Aus den Entscheidungsgründen:


"... Nach ständiger Rechtsprechung darf ein Kraftfahrzeugführer bei Dunkelheit auch auf der Autobahn grundsätzlich nur so schnell fahren, dass er innerhalb der überschaubaren Strecke anhalten kann (BGH VersR 1965, 88 f.; NJW 1984, 2412; NJW 1987, 1075; OLG Hamm NZV 1988, 64 f. und NZV 1992, 407 f.; OLG Frankfurt NZV 1990, 154 f.; OLG Köln NZV 1993, 271; Jagusch/Hentschel, StVO, § 3 Rdnr. 35). Der Beklagte zu 3) hat im Rahmen des Berufungsverfahrens selbst eingeräumt, ihm sei es mit Rücksicht auf seine Ausgangsgeschwindigkeit von 126 km/h überhaupt nicht möglich gewesen, rechtzeitig vor den auf der Fahrbahn befindlichen Pkw Saab und Pkw Ford Fiesta die Geschwindigkeit so zu reduzieren, dass er noch hätte anhalten können, als er diese Fahrzeuge im Lichtkegel seines Abblendlichts erkannte (Bl. 279, 284 GA). Nach Maßgabe der urkundlich belegten Feststellungen, die der Kraftfahrzeugsachverständige R. in seinem im Rahmen des Strafverfahrens erstatteten verkehrstechnischen Gutachten vom 31.07.1991 getroffen hat, wäre der Unfall für den Beklagten zu 3) nämlich nur vermeidbar gewesen, wenn seine Geschwindigkeit bei Erkennen der Gefahr im Lichtkegel des Abblendlichts geringer als 85 km/h gewesen wäre (Bl. 94, 95 der Beiakten 74 Js 460/91 StA Aachen). Angesichts der im Hinblick auf das Gebot des Fahrens auf Sicht unstreitig überhöhten Geschwindigkeit des Beklagten zu 3) ist dessen Einwand eines vermeintlich unabwendbaren Ereignisses fernliegend.
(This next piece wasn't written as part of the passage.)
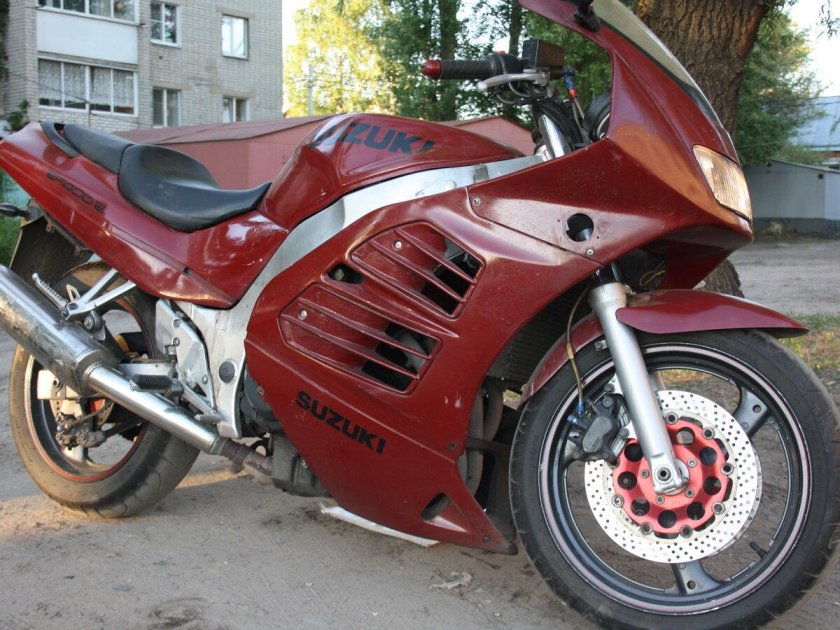 Suzuki rf 900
Die Beklagten zu 3) und 4) können sich ferner nicht mit Erfolg darauf berufen, die auf der Fahrbahn liegenden bereits verunfallten Fahrzeuge seien so ungewöhnliche Hindernisse gewesen, dass der Beklagte zu 3) sie auch bei gehöriger Aufmerksamkeit und angepasster Geschwindigkeit nicht hätte erkennen können. Selbst wenn ein Kraftfahrer seine Geschwindigkeit nicht auch auf solche Hindernisse einzurichten hat, die wegen ihrer Beschaffenheit ungewöhnlich schwer erkennbar sind, so gilt diese Einschränkung nach der Rechtsprechung des Bundesgerichtshofs jedoch gerade nicht für auf der Straße liegengebliebene Kraftfahrzeuge, mögen sie auch unbeleuchtet sein (BGH NJW-RR 1987, 1235, 1236; NJW 1984, 2412).




Eine Ausnahme von dem Grundsatz, bei Dunkelheit die Geschwindigkeit der Reichweite des Abblendlichts anzupassen, ergibt sich allerdings aus § 18 Abs. 6 StVO. Diese Vorschrift erlaubt es dem Kraftfahrer, schneller zu fahren, wenn entweder die Schlussleuchten des vorausfahrenden Kraftfahrzeugs klar erkennbar sind und ein ausreichender Abstand von ihm eingehalten wird, oder wenn der Verlauf der Fahrbahn durch Leiteinrichtungen mit Rückstrahlern und, zusammen mit fremdem Licht, Hindernisse rechtzeitig erkennbar sind; die Beklagten zu 3) und 4) berufen sich auf die letztgenannte Ausnahme (Bl. 279, 291 GA). Die in dieser Vorschrift benannten besonderen Umstände liegen im Streitfall indessen nicht vor, weil nach den urkundlich belegten und nicht angegriffenen Feststellungen des Sachverständigen R. die Bundesautobahn A 4 an der Unfallstelle gerade nicht beleuchtet ist (Bl. 78 der Strafakten). Mangels anderer Lichtquellen waren Hindernisse, so auch die bereits verunfallten Fahrzeuge, nicht rechtzeitig erkennbar.